• Exercise material:
________________
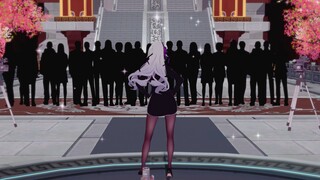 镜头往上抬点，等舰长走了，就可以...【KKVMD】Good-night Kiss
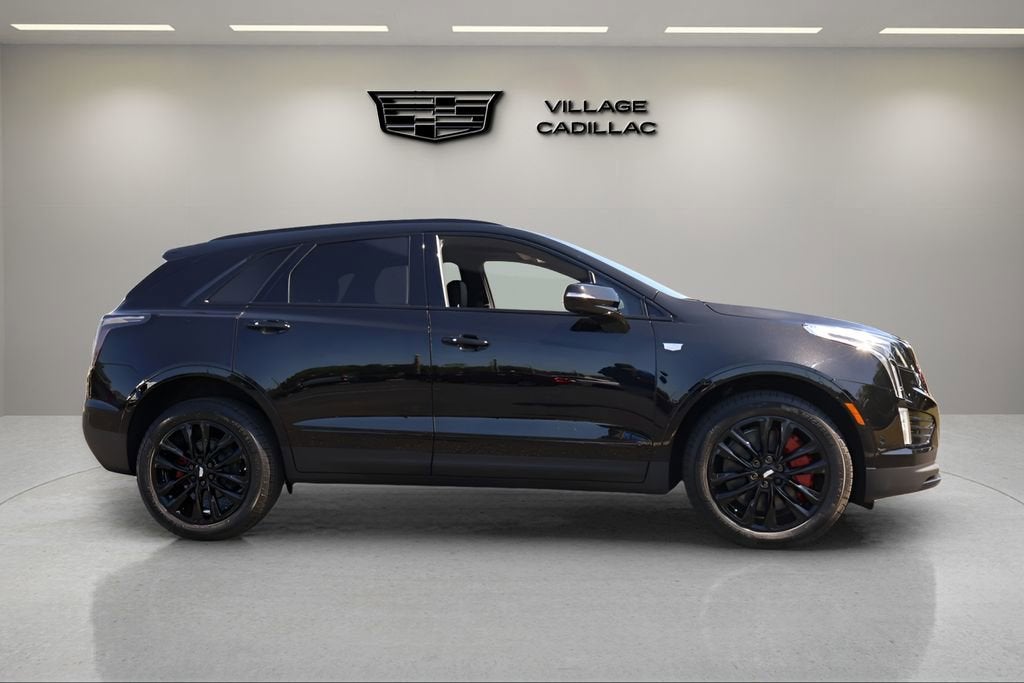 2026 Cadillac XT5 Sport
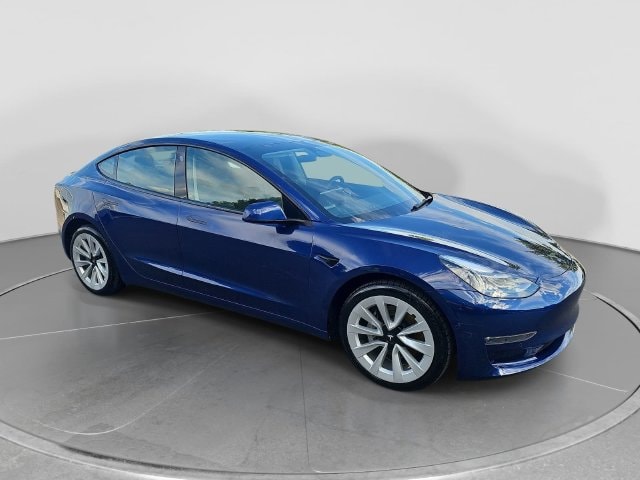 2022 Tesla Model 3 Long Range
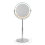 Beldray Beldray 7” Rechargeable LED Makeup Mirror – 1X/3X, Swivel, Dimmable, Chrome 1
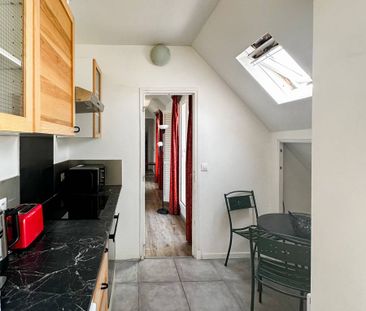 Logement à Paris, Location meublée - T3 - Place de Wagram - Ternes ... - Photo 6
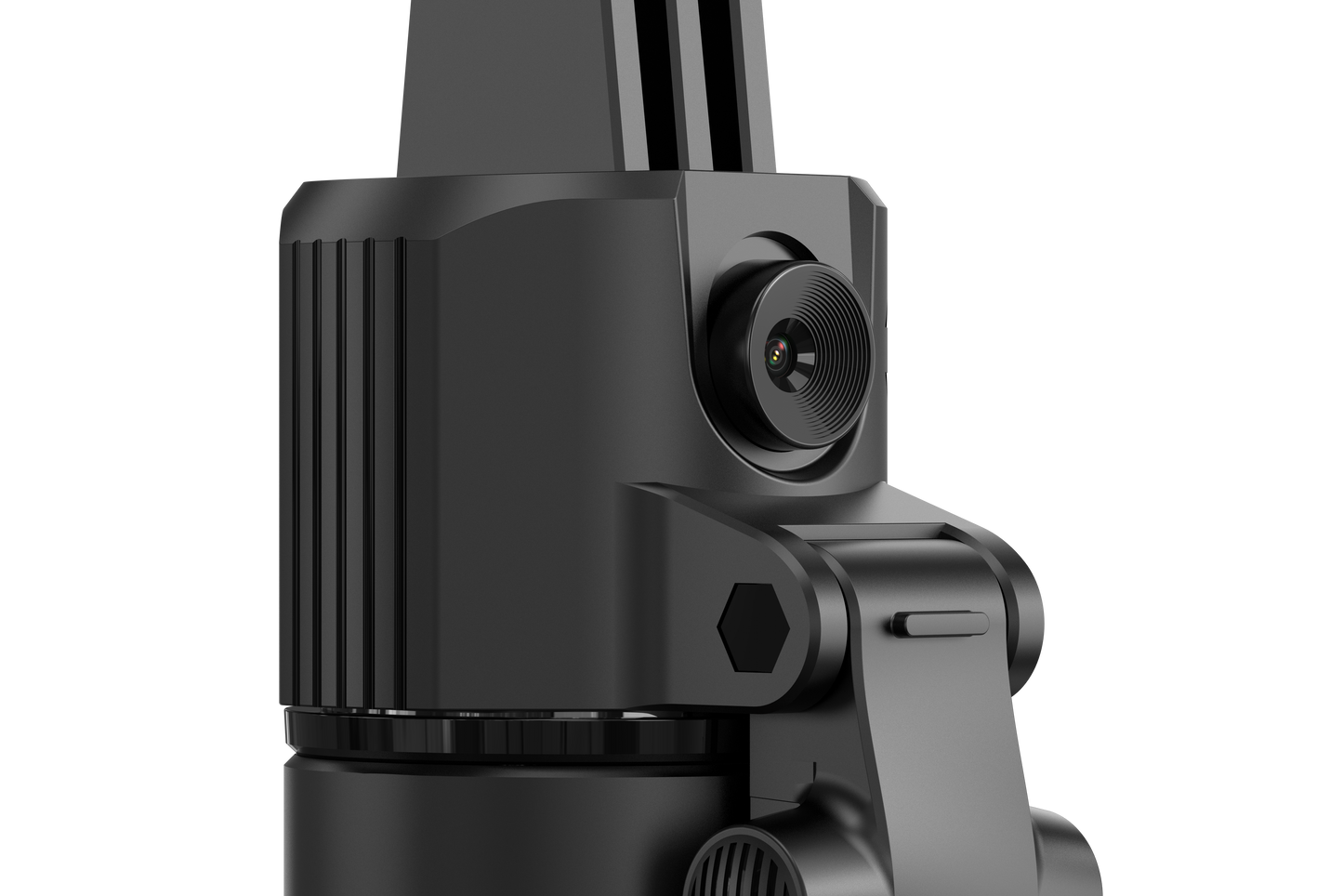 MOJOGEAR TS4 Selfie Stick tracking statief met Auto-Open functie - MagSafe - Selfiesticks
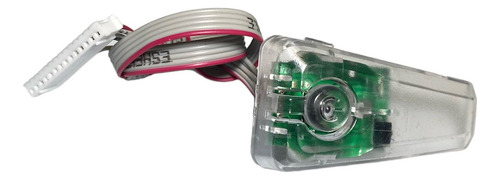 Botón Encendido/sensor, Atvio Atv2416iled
________________
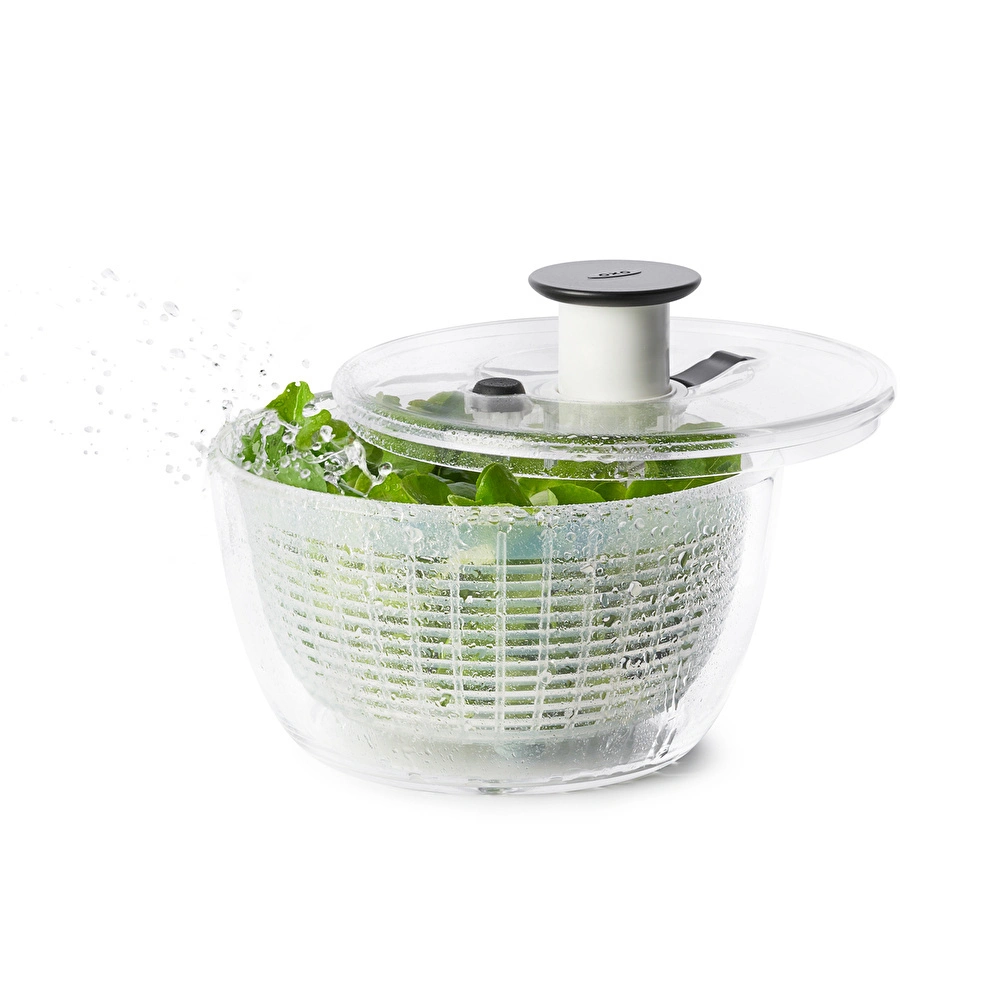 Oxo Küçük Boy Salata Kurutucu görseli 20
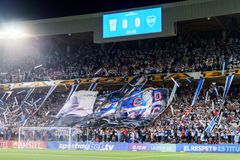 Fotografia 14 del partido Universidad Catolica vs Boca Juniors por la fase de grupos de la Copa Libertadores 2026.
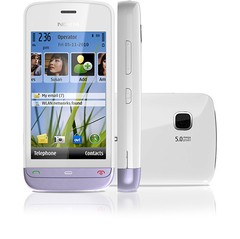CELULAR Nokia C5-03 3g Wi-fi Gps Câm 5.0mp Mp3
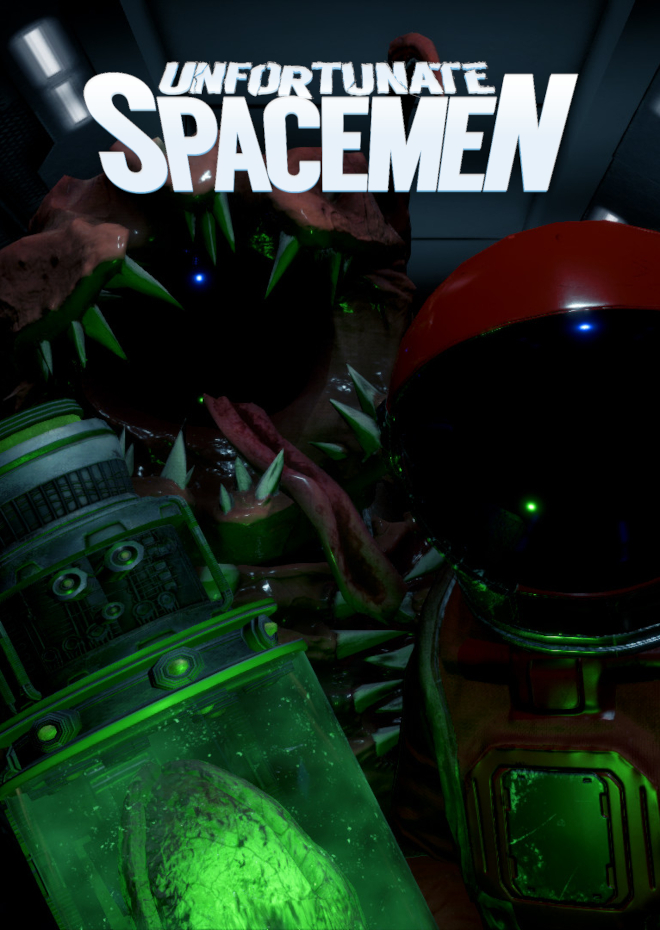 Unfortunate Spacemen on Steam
________________
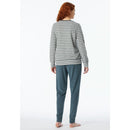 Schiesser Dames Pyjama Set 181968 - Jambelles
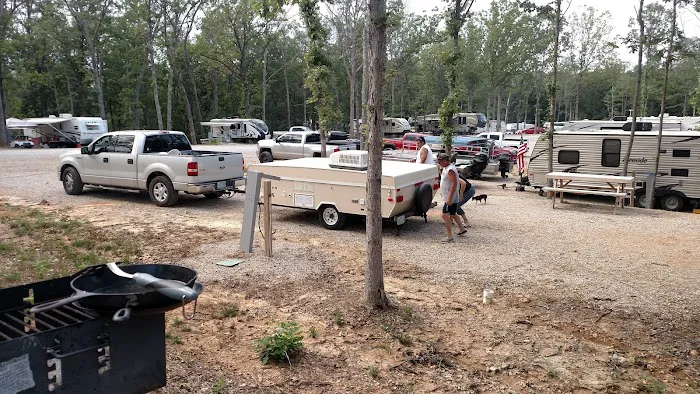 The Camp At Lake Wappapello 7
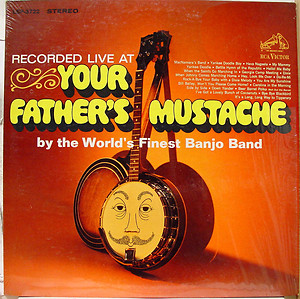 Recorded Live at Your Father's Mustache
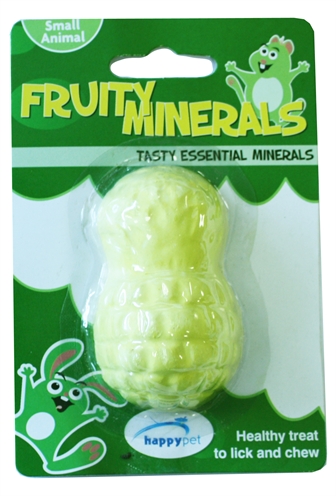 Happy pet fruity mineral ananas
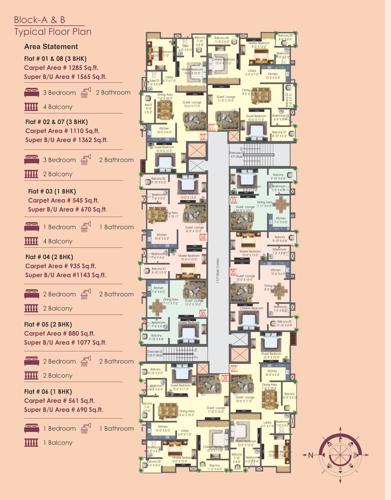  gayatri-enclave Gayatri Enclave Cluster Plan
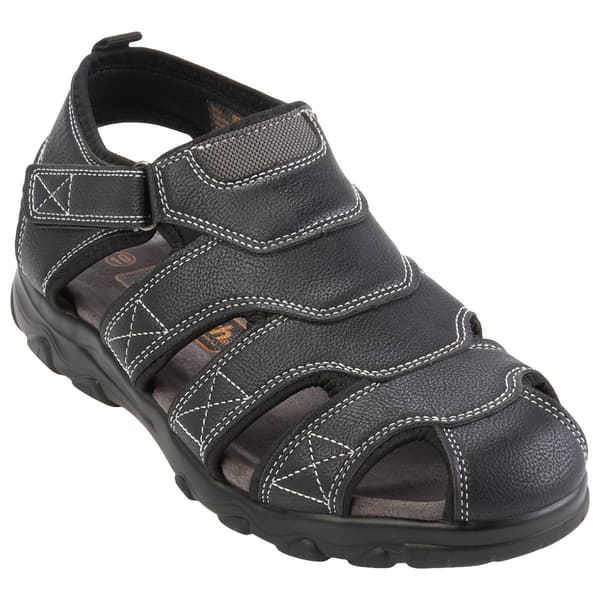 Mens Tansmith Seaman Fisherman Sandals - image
________________
• Work item:
Word for word, repeat the lines above from the one with "Recorded Live at Your Father's Mustache" through the one with "Mens Tansmith Seaman", and nothing beyond them. Omit the pictures.

• The completed task:
 Recorded Live at Your Father's Mustache
 Happy pet fruity mineral ananas
  gayatri-enclave Gayatri Enclave Cluster Plan
 Mens Tansmith Seaman Fisherman Sandals - image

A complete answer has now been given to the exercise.